If there’s one thing that business leaders in a host of different industries can agree upon, it’s that economies function best when the outcomes of decisions are predictable. So when looking at a country’s bottom line, finality matters. Perhaps that’s why, when the British people two years ago narrowly voted in a referendum to sever the United Kingdom from the European Union in an uncertain process, the British pound immediately lost more than 10 percent of its value when compared to the U.S. dollar.
But two years later, with British Prime Minister Theresa May facing a March 29 deadline to either leave the bloc in an orderly fashion or divorce from it without a deal spelling out the terms of a new relationship between the two entities, the only thing that appears certain is that May has only the most tenuous of holds on her own government. As for Brexit itself, it seems that no one has any real sense of how the next few weeks and months will play out.
May’s latest troubles spilled into the open last week when the Brexit deal she and her ministers had been working through with their negotiating partners in Brussels suffered a humiliating defeat in the House of Commons. The result — which followed the high-profile resignations of several officials from May’s cabinet late last year — was so surprising that opposition leader Jeremy Corbyn, the head of the Labour Party whose abhorrent views regarding Hamas and Israel’s right to self-defense earned him a rare unified rebuke from all of the U.K.’s Jewish newspapers, scheduled a no-confidence vote the very next day.

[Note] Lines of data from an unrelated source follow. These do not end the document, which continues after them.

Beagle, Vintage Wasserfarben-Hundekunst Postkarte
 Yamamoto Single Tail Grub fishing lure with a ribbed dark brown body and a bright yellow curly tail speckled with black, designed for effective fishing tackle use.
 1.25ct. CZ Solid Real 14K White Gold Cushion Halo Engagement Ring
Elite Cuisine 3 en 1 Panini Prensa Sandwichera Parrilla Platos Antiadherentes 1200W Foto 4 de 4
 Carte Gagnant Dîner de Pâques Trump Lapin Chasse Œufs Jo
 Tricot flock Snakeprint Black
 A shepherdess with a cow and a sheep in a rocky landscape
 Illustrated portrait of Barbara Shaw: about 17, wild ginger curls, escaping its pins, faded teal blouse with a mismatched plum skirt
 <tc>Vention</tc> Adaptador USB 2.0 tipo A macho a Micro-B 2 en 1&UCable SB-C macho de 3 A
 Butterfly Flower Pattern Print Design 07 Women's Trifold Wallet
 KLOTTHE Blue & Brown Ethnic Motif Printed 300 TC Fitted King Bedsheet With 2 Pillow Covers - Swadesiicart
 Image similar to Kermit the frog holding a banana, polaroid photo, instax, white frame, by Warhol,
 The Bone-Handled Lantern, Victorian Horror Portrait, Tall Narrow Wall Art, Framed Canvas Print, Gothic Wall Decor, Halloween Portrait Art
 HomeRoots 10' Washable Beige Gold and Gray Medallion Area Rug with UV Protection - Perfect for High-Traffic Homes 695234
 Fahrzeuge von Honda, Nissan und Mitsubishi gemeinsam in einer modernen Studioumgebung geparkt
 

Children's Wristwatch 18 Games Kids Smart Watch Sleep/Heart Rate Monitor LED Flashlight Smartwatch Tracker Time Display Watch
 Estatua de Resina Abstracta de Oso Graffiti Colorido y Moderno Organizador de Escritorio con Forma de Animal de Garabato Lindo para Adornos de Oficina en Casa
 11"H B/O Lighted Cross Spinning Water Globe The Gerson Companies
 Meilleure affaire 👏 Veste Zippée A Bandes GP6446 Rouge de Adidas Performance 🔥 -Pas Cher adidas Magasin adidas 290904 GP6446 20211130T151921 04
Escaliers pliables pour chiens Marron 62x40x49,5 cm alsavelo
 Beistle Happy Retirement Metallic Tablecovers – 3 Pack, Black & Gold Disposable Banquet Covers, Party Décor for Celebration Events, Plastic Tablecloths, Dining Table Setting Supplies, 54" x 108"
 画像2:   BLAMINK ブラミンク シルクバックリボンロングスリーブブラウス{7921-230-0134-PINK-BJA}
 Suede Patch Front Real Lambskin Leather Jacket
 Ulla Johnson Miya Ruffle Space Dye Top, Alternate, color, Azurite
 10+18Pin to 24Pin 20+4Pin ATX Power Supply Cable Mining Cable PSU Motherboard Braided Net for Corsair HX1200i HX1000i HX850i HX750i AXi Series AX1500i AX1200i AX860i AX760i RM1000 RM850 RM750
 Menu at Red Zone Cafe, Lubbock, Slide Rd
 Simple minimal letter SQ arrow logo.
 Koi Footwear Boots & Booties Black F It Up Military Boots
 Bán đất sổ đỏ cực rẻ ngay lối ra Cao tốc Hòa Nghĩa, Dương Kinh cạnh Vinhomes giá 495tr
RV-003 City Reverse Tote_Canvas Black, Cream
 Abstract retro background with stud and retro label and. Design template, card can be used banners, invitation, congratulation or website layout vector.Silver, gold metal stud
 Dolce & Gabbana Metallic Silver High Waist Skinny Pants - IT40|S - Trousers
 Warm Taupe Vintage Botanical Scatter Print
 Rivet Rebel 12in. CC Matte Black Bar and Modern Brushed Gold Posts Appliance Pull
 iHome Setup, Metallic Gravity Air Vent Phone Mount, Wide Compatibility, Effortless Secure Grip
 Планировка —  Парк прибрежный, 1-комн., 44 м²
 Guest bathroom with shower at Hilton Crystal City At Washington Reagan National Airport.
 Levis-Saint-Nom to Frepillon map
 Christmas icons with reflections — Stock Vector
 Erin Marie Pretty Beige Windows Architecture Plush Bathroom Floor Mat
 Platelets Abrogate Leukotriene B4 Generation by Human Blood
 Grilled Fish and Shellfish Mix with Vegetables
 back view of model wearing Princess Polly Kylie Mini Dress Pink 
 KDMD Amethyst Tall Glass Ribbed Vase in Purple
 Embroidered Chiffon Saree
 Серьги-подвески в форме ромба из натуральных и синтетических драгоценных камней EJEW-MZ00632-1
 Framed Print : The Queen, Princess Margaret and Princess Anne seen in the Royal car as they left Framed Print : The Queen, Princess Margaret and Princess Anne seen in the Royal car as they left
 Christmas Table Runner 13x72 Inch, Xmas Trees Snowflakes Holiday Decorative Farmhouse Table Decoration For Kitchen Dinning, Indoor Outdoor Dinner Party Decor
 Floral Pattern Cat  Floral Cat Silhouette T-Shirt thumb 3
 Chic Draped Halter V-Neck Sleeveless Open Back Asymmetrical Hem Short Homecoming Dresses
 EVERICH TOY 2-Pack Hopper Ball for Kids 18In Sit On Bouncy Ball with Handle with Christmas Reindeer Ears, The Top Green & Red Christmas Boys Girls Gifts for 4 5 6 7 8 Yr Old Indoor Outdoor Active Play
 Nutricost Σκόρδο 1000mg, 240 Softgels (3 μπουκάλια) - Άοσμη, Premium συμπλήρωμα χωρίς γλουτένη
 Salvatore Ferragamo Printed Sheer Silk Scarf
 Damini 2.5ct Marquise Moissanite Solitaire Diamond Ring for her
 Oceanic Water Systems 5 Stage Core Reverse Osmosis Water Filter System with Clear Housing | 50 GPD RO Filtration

May survived that vote by the slimmest of margins. Already leading a minority government, she was kept in power not by the votes of her own Conservatives, but by Democratic Unionists representing Northern Ireland. That’s significant, because the one thing no one wants is for a hard border to be re-imposed between that British territory and E.U.-member Ireland as a result of Brexit. But among Brexiteers, anything that keeps the U.K. as a de facto member of the European customs union — the so-called Northern Ireland “backstop” that May negotiated with E.U. leaders in the event the U.K. did not approve a larger deal by March 29 — smacks of a Brexit in name only.
Enter Corbyn and his Labourites, who seem more intent on toppling their arch-rival May than in actually helping the U.K. solve the Brexit puzzle. Corbyn may have lost his latest attempt to seize power and occupy 10 Downing Street, but last week showed May to be very much weakened. Indeed, according to some pundits, it was only the fear of Corbyn that kept May in office.